Standard agent search relies on exact keyword matching (via grep or glob), which struggles with synonyms or conceptual queries. We need a semantic lookup feature. However, introducing an external vector database (like Chromadb or Pinecone) adds complex dependency requirements, installation overhead, and slows down local execution.

Decision

We decided to implement a pure TypeScript in-memory vector store based on TF-IDF (Term Frequency-Inverse Document Frequency) calculations.

Implementation Details

  1. WorkspaceIndexer:
    • Recursively reads files matching extensions .ts, .tsx, .js, .json, .md.
    • Chunks files into small text blocks.
    • Cleans tokens (lowercase, alphanumeric filtering, basic stop-word removal).
  2. VectorStore:
    • Computes TF-IDF matrices on indexing.
    • Computes cosine similarity of the query vector against all document chunk vectors.
    • Returns top-K results sorted by score, filtered by a minimum score threshold.

Consequences

  • Pros:
    • Zero external dependencies.

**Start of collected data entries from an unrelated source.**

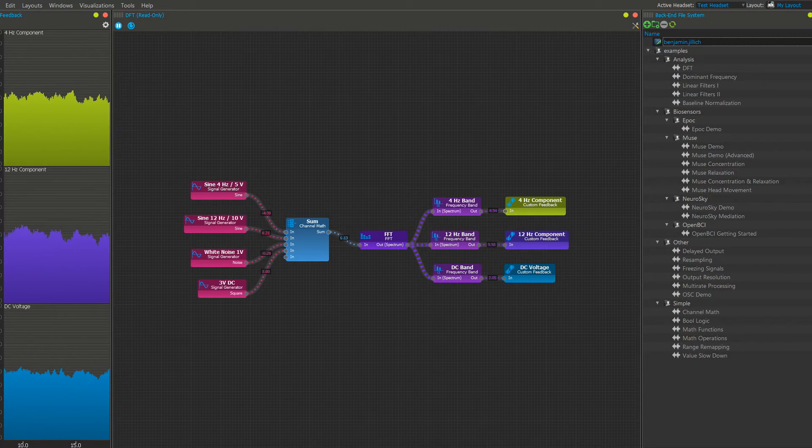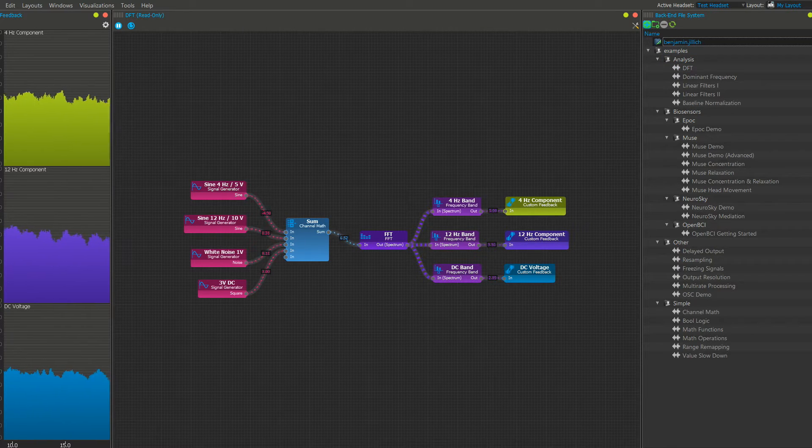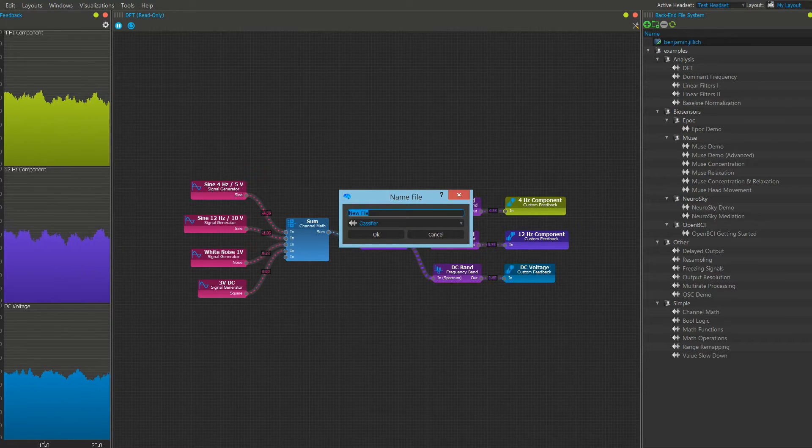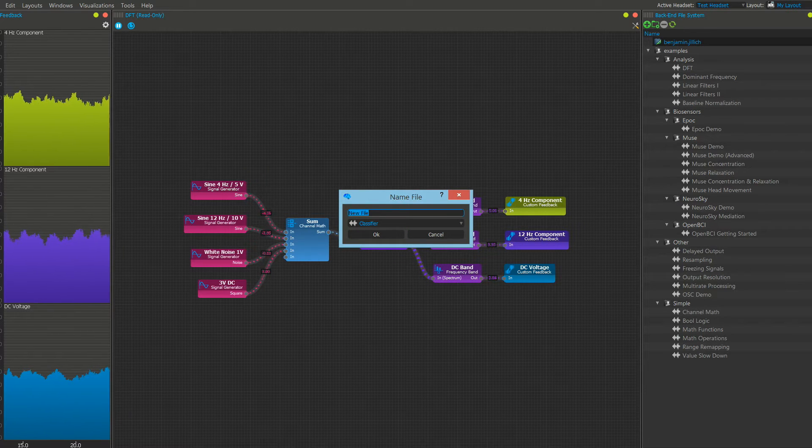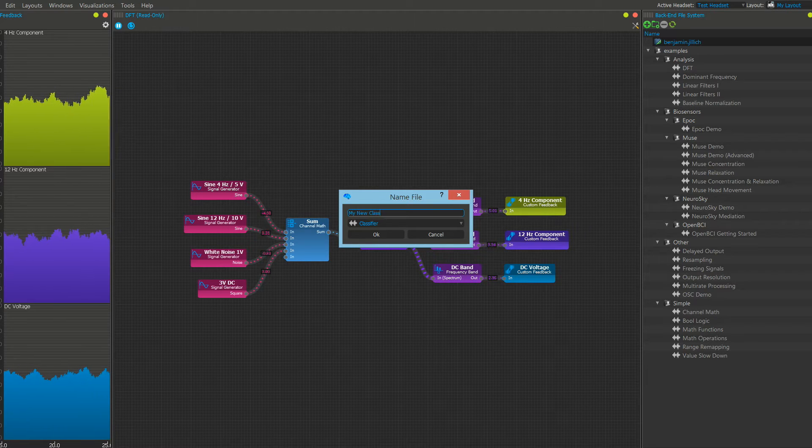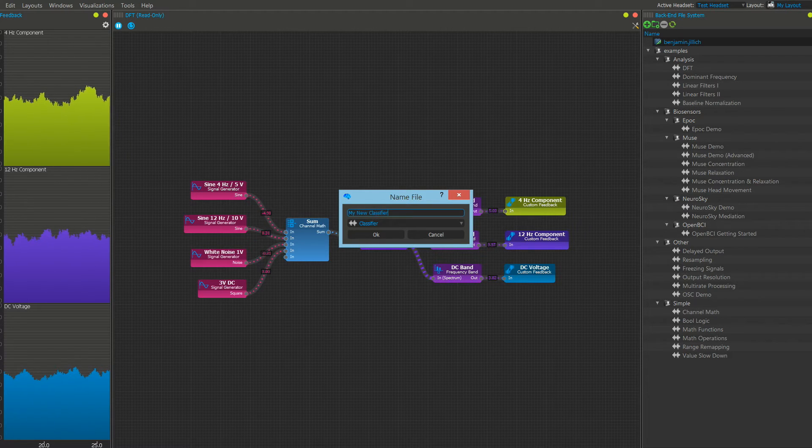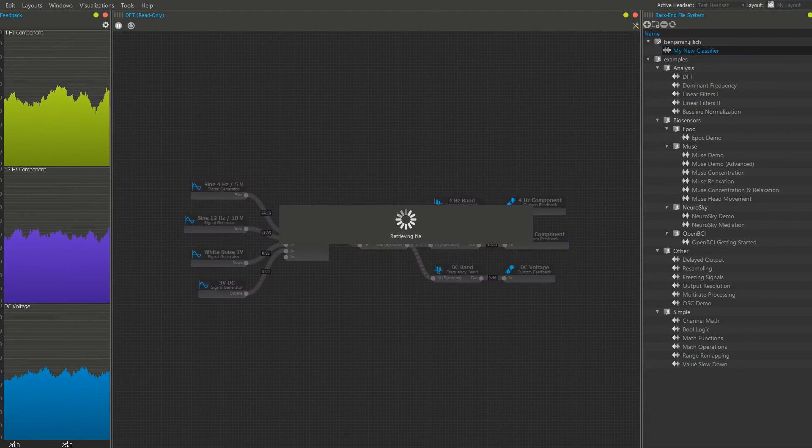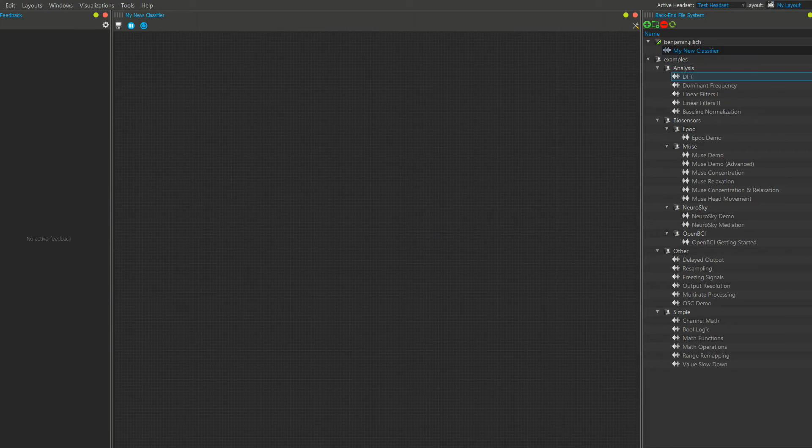We can create new classifiers with a plus icon on the top right. By clicking it, it's going to be loaded.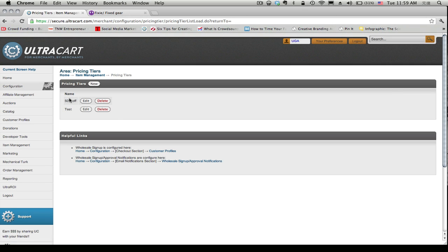And here we'll have our 50% off pricing tier that's been created. And for our next video we'll show you how to assign a pricing tier to a customer.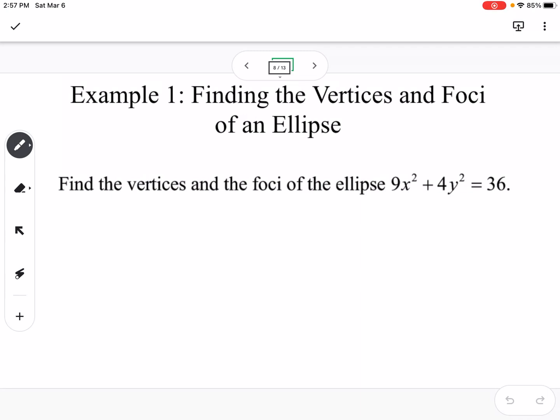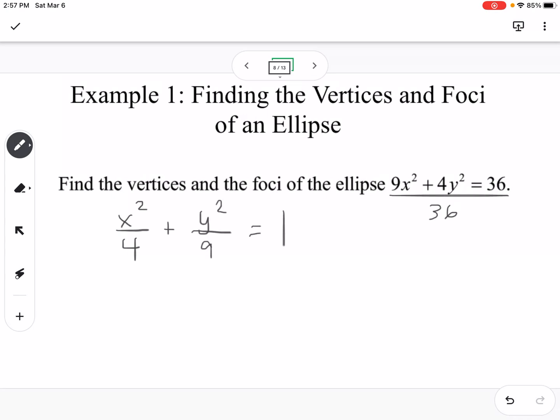Our first example says to find the vertices and foci of the ellipse 9x squared plus 4y squared equals 36. The standard form of the equation equals 1, so we need to divide the whole equation by 36. So 9/36 simplifies to 1/4, giving x squared over 4, and 4/36 simplifies to 1/9, giving y squared over 9. We can rewrite it as y squared over 9 plus x squared over 4 equals 1.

Starts instantly and consumes minimal memory.
    • Very fast searches for typical workspace directory sizes (under 10,000 chunks).
    • Easy to unit test and mock.
  • Cons:
    • Not suitable for huge codebases (e.g. monorepos with hundreds of thousands of files), where term frequency matrix allocations can exceed Node.js heap limits.
    • TF-IDF uses lexical overlap rather than dense embeddings (neural semantic search), so conceptual matching is limited to shared vocabularies.